Editor’s Note: In 2017, The Drive‘s own Alex Roy ventured halfway across the world to India to drive a Renault Kwid, a brand-new car with a starting price of about $4,000, across the subcontinent in an attempt to set a Cannonball Record. Along the way, he learned quite a bit about how the subcontinent’s chaotic traffic has its own form of logic—but one that would stump even the smartest self-driving machine.
The following is an excerpt from Roy’s earlier story about this, “Why India Will Tell Us When Self-Driving Cars Will Hit The US.”
You don’t need
to go there to know that driving in India is crazy. Actually, you do. My old friend Jason Torchinsky wrote a wonderful story about his visit I thought would prepare me for my journey.
I was wrong.
When people in Los Angeles, or New York, or London, or Atlanta, or any major city in the western world complain about traffic, they are joking. Unless they were on I-95 trying to escape Hurricane Irma, they know nothing. They’ve never seen traffic.
I would have taken better pictures if my life hadn’t been in danger from the moment we pulled out of the hotel in Chennai. Also in danger? The jobs of the courageous and highly optimistic Renault-Nissan executives who greenlit our journey, which included airfare and the Kwid press car. What were they hoping to accomplish? It certainly wasn’t a driving record, for within minutes of departure we encountered a mass of un-helmeted people on bikes and mopeds in the middle of traffic, ignoring lane discipline, helmet laws and common sense. And yes, that’s a toddler on the front of that motorcycle.
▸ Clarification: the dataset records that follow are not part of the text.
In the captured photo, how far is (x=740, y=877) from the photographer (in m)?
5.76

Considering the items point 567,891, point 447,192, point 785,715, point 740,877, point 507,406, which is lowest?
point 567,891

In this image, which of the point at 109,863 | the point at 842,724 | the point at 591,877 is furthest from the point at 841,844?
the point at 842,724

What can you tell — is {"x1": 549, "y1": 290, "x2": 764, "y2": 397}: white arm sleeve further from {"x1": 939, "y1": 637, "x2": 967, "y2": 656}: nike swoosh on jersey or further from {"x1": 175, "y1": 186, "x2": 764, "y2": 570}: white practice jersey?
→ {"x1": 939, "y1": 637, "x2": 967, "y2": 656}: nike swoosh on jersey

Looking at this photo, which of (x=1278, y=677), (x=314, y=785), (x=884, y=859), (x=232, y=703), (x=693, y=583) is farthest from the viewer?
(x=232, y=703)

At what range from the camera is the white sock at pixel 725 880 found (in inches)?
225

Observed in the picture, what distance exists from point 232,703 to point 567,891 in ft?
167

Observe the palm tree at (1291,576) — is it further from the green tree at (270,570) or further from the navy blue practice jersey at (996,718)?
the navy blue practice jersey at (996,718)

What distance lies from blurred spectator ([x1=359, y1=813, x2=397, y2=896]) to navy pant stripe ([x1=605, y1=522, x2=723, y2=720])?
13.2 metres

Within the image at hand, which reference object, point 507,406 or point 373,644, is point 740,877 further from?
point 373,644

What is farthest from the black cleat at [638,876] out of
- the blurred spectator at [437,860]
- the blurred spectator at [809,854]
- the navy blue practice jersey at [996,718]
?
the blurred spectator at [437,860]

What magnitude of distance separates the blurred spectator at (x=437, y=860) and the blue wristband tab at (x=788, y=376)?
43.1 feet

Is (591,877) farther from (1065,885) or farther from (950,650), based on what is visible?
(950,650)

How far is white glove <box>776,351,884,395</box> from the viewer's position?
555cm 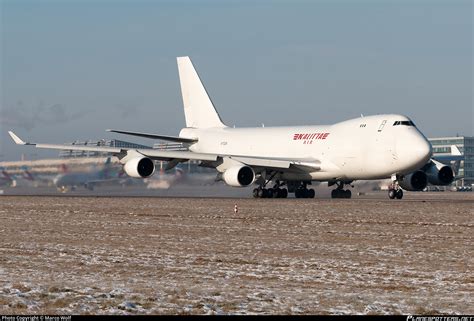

It’s not that there aren’t laws in India. There are. They just aren’t enforced with the regularity common to first world countries. The near total absence of police is surreal. The ubiquity of signs about traffic law and road safety is comic, especially the popularity of signs which appear to be police recruiting posters. Check out this sign at one of the many tolls we encountered:
It clearly indicates all the things one shouldn’t be doing. Based on the locals’ behavior, it would make more sense to triple its size and state “YOU WILL OBSERVE THIS BEHAVIOR—STAY CLEAR OF OTHER MOTORISTS,” which might work if there weren’t so many of them.
Let’s be serious. Population density is so high that no current automatic emergency braking system could possibly work in traffic, because no car equipped with it would ever move. What about blind spot monitoring systems? They’d be lighting up and chiming so much, you’d have to disable them.
Here’s another fun one. There’s a reason no one’s buying that ad space, and it’s not the condition of the sign.
In two days and 1,000+ miles of driving, I didn’t observe a single driver who wouldn’t have been pulled over—if not arrested on the spot—in the United States.
Is there a term for the gap between law and culture? One can’t call a place where laws are ignored lawless. If a behavioral equilibrium renders everyone a criminal, then no one is, and there’s a fundamental disconnect which law alone hasn’t solved, and never will. Enforcement can never match culture to law; it can only tug by threat and whip by penalty. Culture is made up of people, a vast ocean of choices made moment to moment, evolving over many decades.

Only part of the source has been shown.